> PROBLEM DESCRIPTION: Each line from the first entry to the line with "通辽芝麻白河道栏杆 石材栏杆", both included, is to be returned unchanged, with any pictures dropped.
# # #
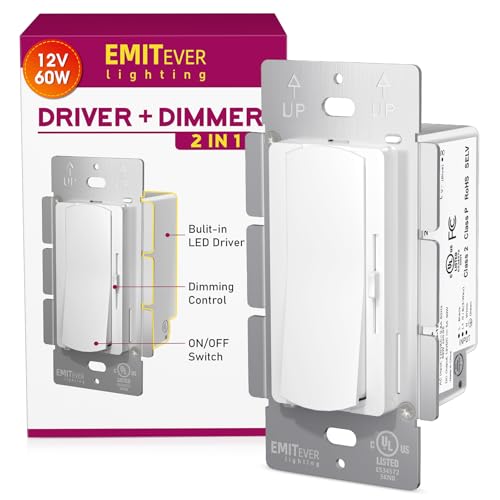 Dimmer Light Switch & 12V 60W Dimmable LED Driver 2 in 1 UL Listed Single-Pole or 3-Way Slide Dimmer Switches for Led Strip Lights 120VAC to 12VDC Power Supply for Low Voltage Project Glossy White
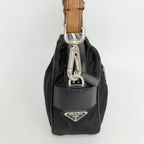 Prada Tessuto Nylon Braided Strap Shoulder Bag Black Silver Vintage — view 6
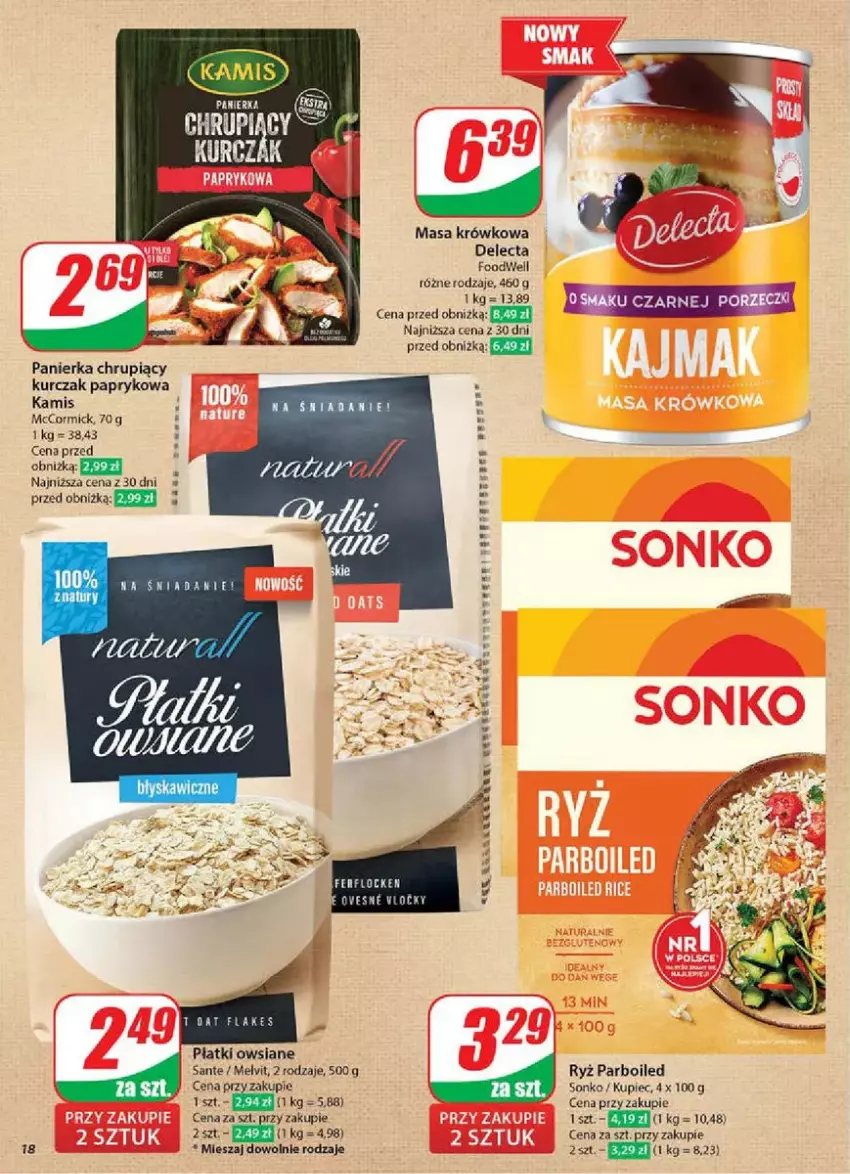 Gazetka promocyjna Dino - ważna 19.03 do 25.03.2025 - strona 10 - produkty: Delecta, Kamis, Kupiec, Kurczak, Masa krówkowa, Melvit, Piec, Płatki owsiane, Ryż, Ryż parboiled, Sante, Sonko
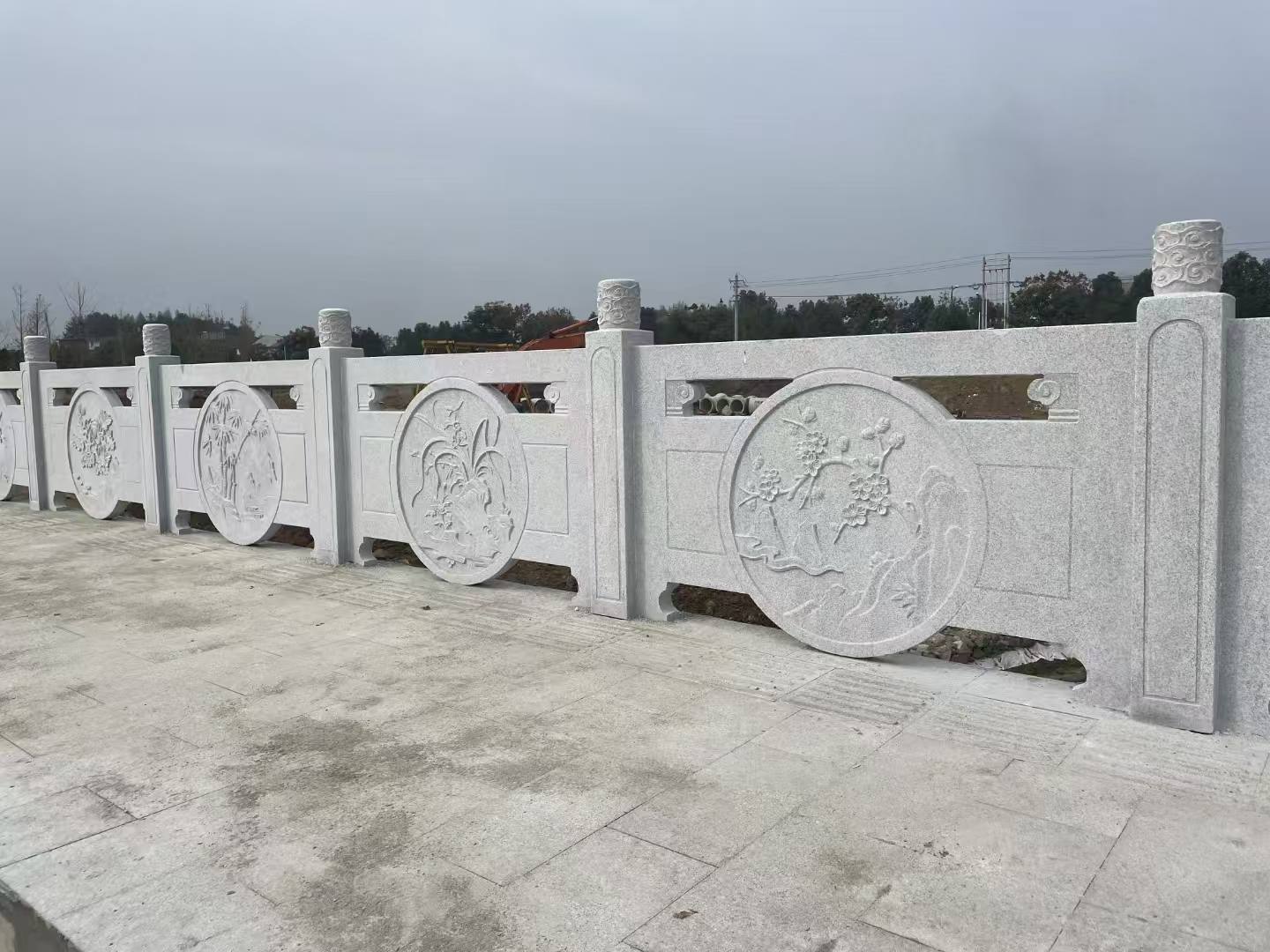 通辽芝麻白河道栏杆 石材栏杆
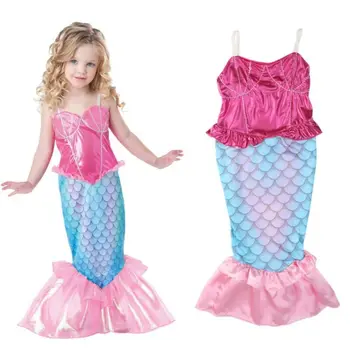 Fantezi Kızlar Mermaid Kuyruk Swimmable Bikini Set Mayo Mayo Yüzme Kostüm Küçük Güzellik balık cosplay performans giyim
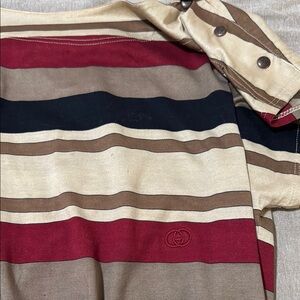 Vintage Gucci Striped Shirt - Red, Black, Tan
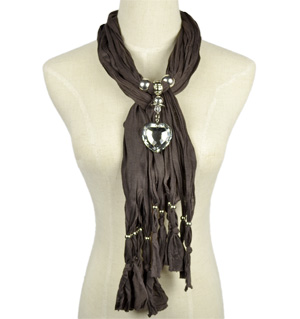Heart jewelry pendant scarf wholesale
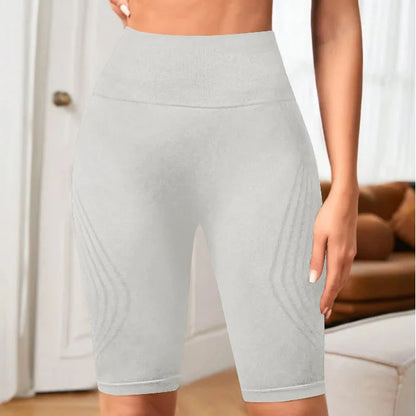 Women’s High Waist Seamless Slim Yoga Shorts Stretchy Push Up Butt Lifting Knitted Workout Running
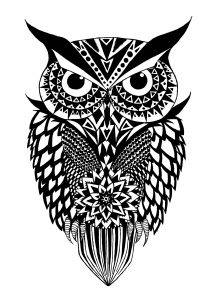 Coloring black and white owl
# # #
> EXERCISE OUTPUT:
 Dimmer Light Switch & 12V 60W Dimmable LED Driver 2 in 1 UL Listed Single-Pole or 3-Way Slide Dimmer Switches for Led Strip Lights 120VAC to 12VDC Power Supply for Low Voltage Project Glossy White
 Prada Tessuto Nylon Braided Strap Shoulder Bag Black Silver Vintage — view 6
 Gazetka promocyjna Dino - ważna 19.03 do 25.03.2025 - strona 10 - produkty: Delecta, Kamis, Kupiec, Kurczak, Masa krówkowa, Melvit, Piec, Płatki owsiane, Ryż, Ryż parboiled, Sante, Sonko
 通辽芝麻白河道栏杆 石材栏杆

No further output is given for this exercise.